**THE PROBLEM**
Go through the listing below and return each line that includes "Logo".

**PROVIDED ENTRIES**
++++
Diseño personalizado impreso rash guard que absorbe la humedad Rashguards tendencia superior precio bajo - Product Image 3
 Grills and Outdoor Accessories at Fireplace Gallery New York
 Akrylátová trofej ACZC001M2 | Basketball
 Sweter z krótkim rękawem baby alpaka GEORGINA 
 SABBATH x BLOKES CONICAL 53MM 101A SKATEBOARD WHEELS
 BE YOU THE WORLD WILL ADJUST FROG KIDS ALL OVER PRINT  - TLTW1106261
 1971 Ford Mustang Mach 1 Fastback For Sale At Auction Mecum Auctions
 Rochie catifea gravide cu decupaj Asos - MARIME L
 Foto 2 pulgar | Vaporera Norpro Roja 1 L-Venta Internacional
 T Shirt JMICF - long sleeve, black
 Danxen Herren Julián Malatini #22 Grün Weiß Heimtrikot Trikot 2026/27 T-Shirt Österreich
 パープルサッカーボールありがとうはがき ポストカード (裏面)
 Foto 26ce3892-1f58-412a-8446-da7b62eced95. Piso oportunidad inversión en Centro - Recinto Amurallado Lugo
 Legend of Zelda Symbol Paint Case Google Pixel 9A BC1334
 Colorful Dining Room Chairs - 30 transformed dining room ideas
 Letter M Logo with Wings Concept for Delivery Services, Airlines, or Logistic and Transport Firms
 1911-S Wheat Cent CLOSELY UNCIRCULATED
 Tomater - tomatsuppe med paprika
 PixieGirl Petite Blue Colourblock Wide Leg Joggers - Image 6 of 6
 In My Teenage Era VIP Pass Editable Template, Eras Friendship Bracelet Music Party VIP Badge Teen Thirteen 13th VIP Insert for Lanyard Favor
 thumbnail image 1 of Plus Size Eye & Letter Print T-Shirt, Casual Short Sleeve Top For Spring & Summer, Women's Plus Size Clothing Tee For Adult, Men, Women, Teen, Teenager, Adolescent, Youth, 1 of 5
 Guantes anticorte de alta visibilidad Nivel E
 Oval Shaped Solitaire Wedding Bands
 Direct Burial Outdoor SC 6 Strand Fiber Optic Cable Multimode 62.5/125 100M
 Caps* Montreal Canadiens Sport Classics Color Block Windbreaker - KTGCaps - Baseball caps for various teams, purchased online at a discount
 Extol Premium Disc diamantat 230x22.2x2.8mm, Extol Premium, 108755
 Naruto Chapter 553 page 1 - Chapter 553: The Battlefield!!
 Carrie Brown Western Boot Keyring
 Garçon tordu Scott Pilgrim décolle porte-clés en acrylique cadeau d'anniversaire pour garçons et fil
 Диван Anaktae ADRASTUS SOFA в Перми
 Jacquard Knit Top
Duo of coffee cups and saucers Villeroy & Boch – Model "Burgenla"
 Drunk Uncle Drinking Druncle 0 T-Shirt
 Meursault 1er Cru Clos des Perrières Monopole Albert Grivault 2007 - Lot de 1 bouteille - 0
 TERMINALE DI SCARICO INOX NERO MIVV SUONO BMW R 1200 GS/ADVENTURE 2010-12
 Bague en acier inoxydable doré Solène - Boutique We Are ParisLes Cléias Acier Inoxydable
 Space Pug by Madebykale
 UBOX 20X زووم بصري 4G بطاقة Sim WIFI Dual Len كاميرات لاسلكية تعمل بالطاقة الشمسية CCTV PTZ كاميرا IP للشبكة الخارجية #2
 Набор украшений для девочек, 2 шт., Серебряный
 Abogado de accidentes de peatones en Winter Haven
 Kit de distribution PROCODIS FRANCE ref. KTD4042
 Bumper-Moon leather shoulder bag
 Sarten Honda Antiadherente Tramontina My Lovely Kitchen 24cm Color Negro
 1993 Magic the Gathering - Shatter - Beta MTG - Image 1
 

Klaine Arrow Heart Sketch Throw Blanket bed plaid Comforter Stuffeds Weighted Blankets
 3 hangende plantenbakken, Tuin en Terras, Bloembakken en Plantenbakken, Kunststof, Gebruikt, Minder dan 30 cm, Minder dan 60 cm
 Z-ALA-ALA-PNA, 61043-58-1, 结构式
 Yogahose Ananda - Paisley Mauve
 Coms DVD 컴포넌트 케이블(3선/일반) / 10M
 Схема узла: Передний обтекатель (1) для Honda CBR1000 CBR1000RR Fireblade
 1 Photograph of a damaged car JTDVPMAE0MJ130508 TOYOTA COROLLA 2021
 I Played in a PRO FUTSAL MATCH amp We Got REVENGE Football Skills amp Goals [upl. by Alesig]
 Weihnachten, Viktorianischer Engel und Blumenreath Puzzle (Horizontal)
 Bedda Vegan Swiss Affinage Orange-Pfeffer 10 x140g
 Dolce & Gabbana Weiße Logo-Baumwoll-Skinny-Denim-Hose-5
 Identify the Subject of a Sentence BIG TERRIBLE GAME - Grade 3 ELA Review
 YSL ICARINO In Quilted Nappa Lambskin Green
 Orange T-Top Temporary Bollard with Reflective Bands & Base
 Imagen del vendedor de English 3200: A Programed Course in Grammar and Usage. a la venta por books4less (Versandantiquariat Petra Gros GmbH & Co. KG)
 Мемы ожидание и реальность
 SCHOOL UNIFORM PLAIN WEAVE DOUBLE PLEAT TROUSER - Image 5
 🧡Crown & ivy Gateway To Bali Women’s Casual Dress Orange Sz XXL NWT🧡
++++
**OUTPUT FOR THIS TASK**
 Letter M Logo with Wings Concept for Delivery Services, Airlines, or Logistic and Transport Firms
 Dolce & Gabbana Weiße Logo-Baumwoll-Skinny-Denim-Hose-5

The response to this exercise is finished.